As an example of a trivial conclusion derived from both a WS-BPEL (Web Service Business Process Execution Language) and WS-Policy description, consider the following case. Let's return to the Web shop example and assume we've realized it with internal and external Web services composed and managed by a WS-BPEL engine. After a customer submits an order, we must check the customer's credit card for validity, depending on the credit card type (VISA, MasterCard, and so on). We assume that credit card providers offer this functionality via Web services. The corresponding WS-BPEL process checkAccount invokes the provider's Web services.
Figure 5 shows a snippet of the WS-BPEL process definition.

Figure 5. Snippet of the WS-BPEL document showing the checkAccount process.

Suppose that a credit card provider's Web service accepts only authenticated invocations conforming to Kerberos or X509. It states such policies in a corresponding WS-Policy document, such as the one in figure 6. The invocation will fail unless the developer ensures that it meets the policies are met. The developer must check the policies manually at development time or implement this functionality to react to policies at runtime, assuming that no policy-matching engine is in place.

Figure 6. The MasterCard service's WS-Policy document.

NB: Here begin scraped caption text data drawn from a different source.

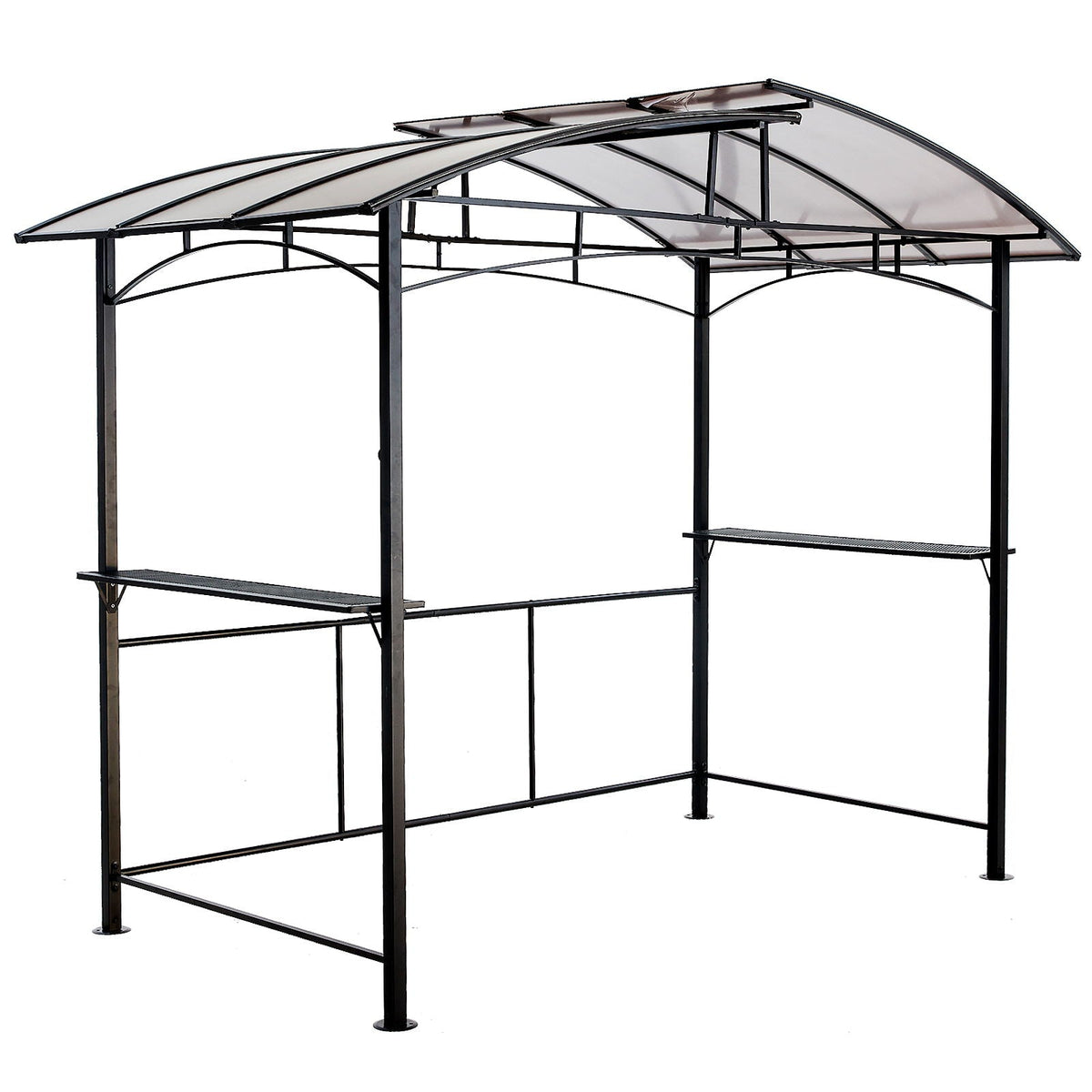 8' x 5' Steel Hardtop Grill Gazebo with Side Shelves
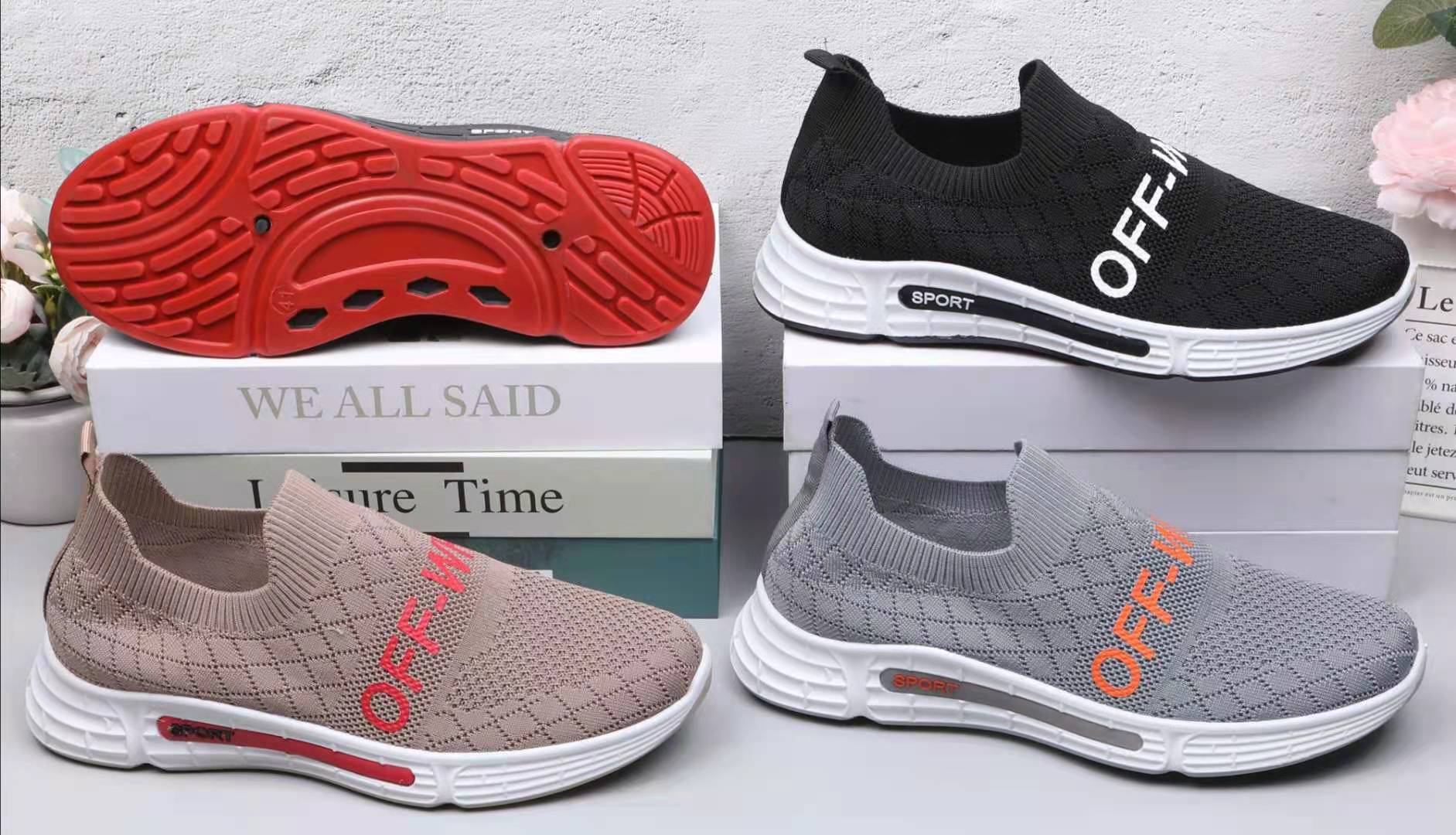 飞织袜子运口男式一脚蹬休闲动鞋详情图3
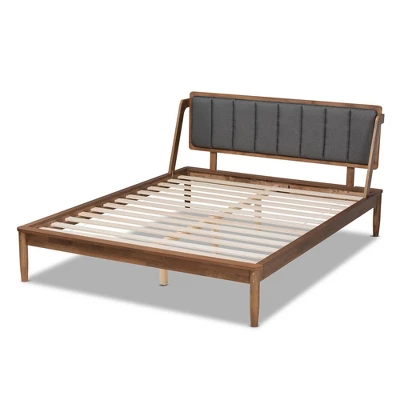 Helsa Mid-Century Modern Platform Bed Walnut/Brown/Gray - Baxton Studio 4 Helsa Mid-Century Modern Platform Bed Walnut/Brown/Gray - Baxton Studio - Image 2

Several tools are available to define WS-Security and WS-Policy descriptors. However, as with deployment descriptors, they act as an input mask that generates the specific XML syntax for the developer.
Summary
Both deployment descriptors in application servers and WS* descriptors for Web services provide convenience and flexibility, but management remains cumbersome. The conceptual models underlying the configurations are implicitly encoded in different XML-DTDs or schemas. So, software developers must manually discover conclusions (that is, by reading and analyzing the descriptor files) that derive from the integration of such descriptions, with little to no help from formal machinery. The use cases we presented would be easy to solve in isolation using dedicated tools. However, a generic, ontology-based semantic-management approach would let us solve a plethora of use cases in a common framework.
Ontology
As a solution to the missing coherent formal model, we propose an ontology covering aspects from the heterogeneous deployment and WS* descriptors. An ontology is a conceptual model with formal logic-based semantics. Ontologies formalize concepts and concept relationships (associations) similar to conceptual database schemas or UML class diagrams. 4 However, ontologies differ from existing methods and technologies in several ways:

• Ontologies aim to enable agreement on the meaning of specific vocabulary terms and so facilitate information integration across applications.

• Ontologies are formalized in logic-based representation languages. Their semantics are thus specified unambiguously.

• Ontology representation languages come with executable calculi enabling querying and reasoning.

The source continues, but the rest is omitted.